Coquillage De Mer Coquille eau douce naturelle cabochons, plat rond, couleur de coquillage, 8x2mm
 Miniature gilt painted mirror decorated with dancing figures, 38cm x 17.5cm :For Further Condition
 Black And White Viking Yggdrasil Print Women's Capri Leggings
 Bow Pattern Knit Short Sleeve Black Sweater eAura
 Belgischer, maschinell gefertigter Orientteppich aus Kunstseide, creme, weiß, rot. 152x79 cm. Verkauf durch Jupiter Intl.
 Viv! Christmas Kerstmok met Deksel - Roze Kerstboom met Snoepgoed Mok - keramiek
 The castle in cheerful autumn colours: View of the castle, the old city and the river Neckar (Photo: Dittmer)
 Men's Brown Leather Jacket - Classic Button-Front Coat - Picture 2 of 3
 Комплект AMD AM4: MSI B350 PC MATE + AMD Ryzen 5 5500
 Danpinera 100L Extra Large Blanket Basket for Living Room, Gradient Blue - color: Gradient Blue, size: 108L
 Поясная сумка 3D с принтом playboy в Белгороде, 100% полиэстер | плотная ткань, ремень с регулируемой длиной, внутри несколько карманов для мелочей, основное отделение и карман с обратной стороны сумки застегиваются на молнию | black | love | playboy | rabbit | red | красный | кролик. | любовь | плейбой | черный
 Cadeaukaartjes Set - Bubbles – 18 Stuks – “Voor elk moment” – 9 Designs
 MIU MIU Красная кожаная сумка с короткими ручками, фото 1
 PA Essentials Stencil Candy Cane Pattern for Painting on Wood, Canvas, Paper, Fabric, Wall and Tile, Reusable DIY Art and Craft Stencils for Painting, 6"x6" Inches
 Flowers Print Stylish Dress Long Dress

━━━━━━━━━━━━━━━━━━━━

| TASK STATEMENT |
From start to finish, retype the records above with complete accuracy.

| REPLY TO THE TASK |
Coquillage De Mer Coquille eau douce naturelle cabochons, plat rond, couleur de coquillage, 8x2mm
 Miniature gilt painted mirror decorated with dancing figures, 38cm x 17.5cm :For Further Condition
 Black And White Viking Yggdrasil Print Women's Capri Leggings
 Bow Pattern Knit Short Sleeve Black Sweater eAura
 Belgischer, maschinell gefertigter Orientteppich aus Kunstseide, creme, weiß, rot. 152x79 cm. Verkauf durch Jupiter Intl.
 Viv! Christmas Kerstmok met Deksel - Roze Kerstboom met Snoepgoed Mok - keramiek
 The castle in cheerful autumn colours: View of the castle, the old city and the river Neckar (Photo: Dittmer)
 Men's Brown Leather Jacket - Classic Button-Front Coat - Picture 2 of 3
 Комплект AMD AM4: MSI B350 PC MATE + AMD Ryzen 5 5500
 Danpinera 100L Extra Large Blanket Basket for Living Room, Gradient Blue - color: Gradient Blue, size: 108L
 Поясная сумка 3D с принтом playboy в Белгороде, 100% полиэстер | плотная ткань, ремень с регулируемой длиной, внутри несколько карманов для мелочей, основное отделение и карман с обратной стороны сумки застегиваются на молнию | black | love | playboy | rabbit | red | красный | кролик. | любовь | плейбой | черный
 Cadeaukaartjes Set - Bubbles – 18 Stuks – “Voor elk moment” – 9 Designs
 MIU MIU Красная кожаная сумка с короткими ручками, фото 1
 PA Essentials Stencil Candy Cane Pattern for Painting on Wood, Canvas, Paper, Fabric, Wall and Tile, Reusable DIY Art and Craft Stencils for Painting, 6"x6" Inches
 Flowers Print Stylish Dress Long Dress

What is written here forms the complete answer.